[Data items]
_ _ _ _ _

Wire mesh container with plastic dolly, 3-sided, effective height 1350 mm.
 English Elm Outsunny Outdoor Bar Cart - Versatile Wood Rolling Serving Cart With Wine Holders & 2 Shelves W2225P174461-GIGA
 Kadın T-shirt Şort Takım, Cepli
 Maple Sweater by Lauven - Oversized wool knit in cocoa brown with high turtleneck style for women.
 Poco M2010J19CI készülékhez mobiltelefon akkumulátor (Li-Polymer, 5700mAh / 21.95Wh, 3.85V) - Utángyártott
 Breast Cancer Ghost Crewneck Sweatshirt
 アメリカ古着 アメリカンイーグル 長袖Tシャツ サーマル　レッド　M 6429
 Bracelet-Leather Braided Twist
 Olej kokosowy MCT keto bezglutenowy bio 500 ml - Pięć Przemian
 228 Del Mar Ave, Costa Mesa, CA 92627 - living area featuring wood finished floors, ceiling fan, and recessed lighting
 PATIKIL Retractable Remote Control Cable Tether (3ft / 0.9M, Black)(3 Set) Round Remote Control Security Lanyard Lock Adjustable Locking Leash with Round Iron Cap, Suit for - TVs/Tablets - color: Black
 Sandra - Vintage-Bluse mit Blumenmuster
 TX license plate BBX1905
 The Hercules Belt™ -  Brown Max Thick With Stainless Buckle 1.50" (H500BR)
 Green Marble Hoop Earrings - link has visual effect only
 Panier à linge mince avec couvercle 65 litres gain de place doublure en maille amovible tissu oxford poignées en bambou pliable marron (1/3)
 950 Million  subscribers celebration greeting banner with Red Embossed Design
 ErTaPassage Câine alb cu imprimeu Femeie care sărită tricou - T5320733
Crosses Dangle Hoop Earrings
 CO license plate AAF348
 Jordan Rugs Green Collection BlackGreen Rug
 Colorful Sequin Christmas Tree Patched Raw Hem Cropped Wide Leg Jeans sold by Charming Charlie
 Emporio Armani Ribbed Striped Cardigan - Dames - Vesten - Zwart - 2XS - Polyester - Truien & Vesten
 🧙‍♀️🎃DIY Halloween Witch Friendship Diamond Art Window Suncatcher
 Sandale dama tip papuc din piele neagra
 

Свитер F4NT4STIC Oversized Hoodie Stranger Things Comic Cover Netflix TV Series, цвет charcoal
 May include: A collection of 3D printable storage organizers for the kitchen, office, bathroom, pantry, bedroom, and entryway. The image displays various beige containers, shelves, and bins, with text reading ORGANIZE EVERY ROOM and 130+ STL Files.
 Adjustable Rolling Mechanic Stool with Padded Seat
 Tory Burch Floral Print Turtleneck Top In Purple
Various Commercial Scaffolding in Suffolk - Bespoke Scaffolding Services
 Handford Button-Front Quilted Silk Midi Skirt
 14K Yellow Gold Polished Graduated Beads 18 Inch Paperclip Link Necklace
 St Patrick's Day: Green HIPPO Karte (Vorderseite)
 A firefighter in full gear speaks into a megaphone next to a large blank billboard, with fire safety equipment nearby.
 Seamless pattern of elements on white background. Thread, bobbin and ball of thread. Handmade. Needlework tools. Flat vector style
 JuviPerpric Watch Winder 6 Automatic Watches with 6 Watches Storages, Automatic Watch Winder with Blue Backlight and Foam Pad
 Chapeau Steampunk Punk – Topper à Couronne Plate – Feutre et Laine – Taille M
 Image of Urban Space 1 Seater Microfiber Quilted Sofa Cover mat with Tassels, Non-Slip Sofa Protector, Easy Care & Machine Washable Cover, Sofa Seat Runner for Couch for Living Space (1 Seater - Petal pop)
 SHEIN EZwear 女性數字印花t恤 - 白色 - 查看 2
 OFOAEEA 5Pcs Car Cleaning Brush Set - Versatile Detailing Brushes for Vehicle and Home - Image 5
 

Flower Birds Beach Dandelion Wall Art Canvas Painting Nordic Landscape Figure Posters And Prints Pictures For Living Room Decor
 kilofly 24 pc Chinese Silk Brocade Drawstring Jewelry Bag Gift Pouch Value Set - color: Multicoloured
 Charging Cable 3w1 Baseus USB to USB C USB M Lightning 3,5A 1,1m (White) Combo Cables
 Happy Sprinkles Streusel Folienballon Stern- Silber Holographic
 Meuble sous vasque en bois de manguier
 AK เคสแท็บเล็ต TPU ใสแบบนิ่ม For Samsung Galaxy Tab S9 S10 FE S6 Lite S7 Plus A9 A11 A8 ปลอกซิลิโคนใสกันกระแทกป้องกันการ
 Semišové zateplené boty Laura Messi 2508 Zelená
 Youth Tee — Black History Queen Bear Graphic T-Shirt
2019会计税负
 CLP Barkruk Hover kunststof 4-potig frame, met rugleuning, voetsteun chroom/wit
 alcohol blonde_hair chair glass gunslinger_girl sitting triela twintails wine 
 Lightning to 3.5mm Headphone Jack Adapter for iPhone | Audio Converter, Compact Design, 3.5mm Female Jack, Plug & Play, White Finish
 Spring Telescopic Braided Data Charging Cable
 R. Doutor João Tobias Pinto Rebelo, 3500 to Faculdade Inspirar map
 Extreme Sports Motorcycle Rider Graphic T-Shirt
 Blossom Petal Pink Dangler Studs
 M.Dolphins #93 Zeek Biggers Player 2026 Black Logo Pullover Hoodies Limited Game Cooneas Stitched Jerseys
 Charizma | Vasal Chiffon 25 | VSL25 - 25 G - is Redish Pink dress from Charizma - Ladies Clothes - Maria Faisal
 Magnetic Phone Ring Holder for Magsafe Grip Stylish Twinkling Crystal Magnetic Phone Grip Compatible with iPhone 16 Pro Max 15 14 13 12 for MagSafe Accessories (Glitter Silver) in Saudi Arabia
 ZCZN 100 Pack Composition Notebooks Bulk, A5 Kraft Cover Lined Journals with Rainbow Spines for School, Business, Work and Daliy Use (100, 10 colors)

_ _ _ _ _

What is expected — The response must contain each line above that holds the string "Rolling".

Task response —
 English Elm Outsunny Outdoor Bar Cart - Versatile Wood Rolling Serving Cart With Wine Holders & 2 Shelves W2225P174461-GIGA
 Adjustable Rolling Mechanic Stool with Padded Seat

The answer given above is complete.